L'opposizione contro Lucini: "Amministrazione chiusa al dialogo"

Dopo i contrasti emersi giovedì sera 21 marzo in consiglio comunale sul tema della tassa di soggiorno, l'opposizione ha convocato una conferenza stampa per esprimere critiche e accuse alla maggioranza e all'amministrazione di centrosinistra...

Dopo i contrasti emersi giovedì sera 21 marzo in consiglio comunale sul tema della tassa di soggiorno, l'opposizione ha convocato una conferenza stampa per esprimere critiche e accuse alla maggioranza e all'amministrazione di centrosinistra guidata dal sindaco Mario Lucini.

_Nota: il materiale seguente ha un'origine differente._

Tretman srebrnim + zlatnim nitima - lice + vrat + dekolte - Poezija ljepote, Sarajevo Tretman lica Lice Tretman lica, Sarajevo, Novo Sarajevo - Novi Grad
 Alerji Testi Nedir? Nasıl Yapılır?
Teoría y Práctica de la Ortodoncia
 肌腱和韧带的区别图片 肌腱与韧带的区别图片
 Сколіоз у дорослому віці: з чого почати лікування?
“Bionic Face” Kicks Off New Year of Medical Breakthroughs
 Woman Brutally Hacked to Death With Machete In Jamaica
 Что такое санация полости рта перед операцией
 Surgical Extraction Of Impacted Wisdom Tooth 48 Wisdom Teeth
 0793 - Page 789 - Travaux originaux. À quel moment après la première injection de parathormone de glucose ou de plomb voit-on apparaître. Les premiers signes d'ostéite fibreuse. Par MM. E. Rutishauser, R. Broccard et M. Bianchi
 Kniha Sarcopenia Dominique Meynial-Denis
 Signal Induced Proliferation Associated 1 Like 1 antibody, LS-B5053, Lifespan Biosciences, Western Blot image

La questione della tassa di soggiorno rappresenta per la minoranza, però, solo l'ultima, in ordine di tempo, di una serie di problematiche che riguarda i rapporti tra opposizione e amministrazione. Alessandro Rapinese (Adesso Como), Enrico Cenetiempo e Francesco Scopelliti (Pdl), Luca Ceruti (Movimento 5 Stelle), Alberto Mascetti e Diego Peverelli (Lega Nord) hanno parlato in rappresentanza dei vari gruppi di minoranza (assente per motivi lavorativi Marco Butti del gruppo misto). nonostante le diverse appartenenze politiche, i consiglieri sono stati tutti concordi nell'attribuire all'amministrazione Lucini la mancanza di una reale volontà di diaologo. La dimostrazione sarebbe, per esempio, proprio la bocciatura che la maggioranza ha dato all'emendamento di Butti che chiedeva di eliminare dal regolamento della tassa di soggiorno due tipologie di esenzioni: quella per le forze dell'ordine e per i dipendenti pubblici che vengono a Como per motivi lavorativi; quella per i visitatori ospitati gratuitamente dagli alberghi. Insomma, per l'opposizione anche queste tipologie di turisti dovrebbero pagare la tassa di soggiorno, esattamente come accade in tantissime altre città.

"E' una cosa così banale - hanno commentato i consiglieri in conferenza stampa - che anche un bambino capirebbe che non è giusto esentare dalla tassa di soggiorno l'ospite di un hotel a 4 stelle, mentre una famiglia con due figli deve lasciare a Como decine di euro come imposta. E' chiaro che l'opposizione boccia le nostre proposte a priori e non intende instaurare un dialogo costruttivo, nonostante noi abbiamo dimostrato sempre di non volere fare ostruzionismo". I gruppi di minoranza hanno dichiarato di non voler più partecipare alla discussione sulla tassa di soggiorno, pertanto anche lunedì prossimo (serata in cui probabilmente sarà approvata) non entreranno in aula.